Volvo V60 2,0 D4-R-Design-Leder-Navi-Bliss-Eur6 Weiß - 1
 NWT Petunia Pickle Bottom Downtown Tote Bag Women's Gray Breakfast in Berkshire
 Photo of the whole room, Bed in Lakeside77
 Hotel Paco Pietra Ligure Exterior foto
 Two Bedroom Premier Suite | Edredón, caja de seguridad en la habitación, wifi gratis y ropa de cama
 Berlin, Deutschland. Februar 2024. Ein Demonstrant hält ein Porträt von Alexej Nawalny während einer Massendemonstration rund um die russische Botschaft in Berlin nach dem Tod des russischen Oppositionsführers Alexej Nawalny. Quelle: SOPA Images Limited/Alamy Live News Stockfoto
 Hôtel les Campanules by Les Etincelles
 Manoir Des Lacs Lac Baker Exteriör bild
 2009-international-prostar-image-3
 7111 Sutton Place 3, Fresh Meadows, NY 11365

• _PROBLEM REQUIREMENTS_
Nothing outside this range should appear: the lines from the start of the listing through the line with "Two Bedroom Premier", each reproduced exactly, both ends included.

• _ANSWER BOX_
Volvo V60 2,0 D4-R-Design-Leder-Navi-Bliss-Eur6 Weiß - 1
 NWT Petunia Pickle Bottom Downtown Tote Bag Women's Gray Breakfast in Berkshire
 Photo of the whole room, Bed in Lakeside77
 Hotel Paco Pietra Ligure Exterior foto
 Two Bedroom Premier Suite | Edredón, caja de seguridad en la habitación, wifi gratis y ropa de cama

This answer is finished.